Goldman Sachs points out that while these prices are below previous model forecasts, they are far better than the deeply discounted “abyss prices” of $150-200 feared from IRA negotiations. This injects certainty into the market and sets a new benchmark for the future pricing strategies of the two giants.
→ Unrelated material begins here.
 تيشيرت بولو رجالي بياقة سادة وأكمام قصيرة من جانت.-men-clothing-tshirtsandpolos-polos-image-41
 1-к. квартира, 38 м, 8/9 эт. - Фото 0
"Price-for-Volume": Unlocking Tens of Millions of Government Patients, Market Size Expectations Unchanged
The real purpose of the price cut is to open new market doors. Previously, Goldman’s models assumed only a 50% probability of successful Medicare channel coverage. Now, this channel is fully unlocked. According to report data:
Novo Nordisk estimates the Medicare channel alone covers about 30 million obesity patients. Eli Lilly states the total potential patient pool for Medicare and Medicaid channels reaches 40 million.
Goldman Sachs believes that massive sales growth will significantly offset the effect of price decreases. Accordingly, the forecast for a global anti-obesity drug market TAM of about $95 billion by 2030 remains unchanged.
Additionally, the price cuts may bring two extra benefits: 1) improved patient compliance, since price is a key reason for stopping medication; 2) enhanced price stability, avoiding more dramatic future price wars.
Duopoly Dynamics Shifting: Eli Lilly's Edge, Novo Nordisk Under Pressure
Although the agreement consolidates Eli Lilly and Novo Nordisk's duopoly, making it harder for new entrants to challenge, the benefits from the deal are not equal between the two. Goldman Sachs is clearly bullish on Eli Lilly for the following reasons:
Market Share Advantages: Zepbound dominates in both reimbursement channels (60% vs. Wegovy’s 40%) and cash-pay channels (85% vs. Wegovy’s 15%), thus stands to gain more from volume growth.
More importantly, Eli Lilly has acquired a "priority review voucher," with its oral drug orforglipron expected to hit the market in Q1 2026, ahead of previous expectations for Q2 or Q3. Goldman estimates this could bring Eli Lilly at least $1 billion in incremental revenue in 2026.
For oral drug pricing, orforglipron’s starter dose is set at $149 per month, maintenance dose averages around $346, lower than Goldman’s previous forecast of $400. Analysts expect U.S. market share to stay at a favorable 60:40 in Lilly’s favor.
By contrast, Novo Nordisk faces much tougher challenges. Goldman Sachs states that in the press release, the company expects the new pricing to have a "low single-digit" impact on 2026 revenue, which is an extra pressure on top of already announced adverse factors.
Goldman points out Novo Nordisk already faces multiple headwinds: a 2-point drag from 2025 GTN effects, low single-digit impact from semaglutide generics overseas, and the risk that some states may halt Medicaid coverage.
Its analysts currently forecast Novo Nordisk's 2026 revenue growth at 4.4% (constant currency), but have not yet factored in the impact of this price reform. Worryingly, 2027 IRA price negotiations could bring additional pressure.
Goldman assumes IRA talks could discount semaglutide prices down to $200, representing a 43% reduction from the Medicare price of $350. Given that Eli Lilly is maintaining a fixed price of $245 throughout the agreement, this means semaglutide will face about an 18% price disadvantage compared to tirzepatide.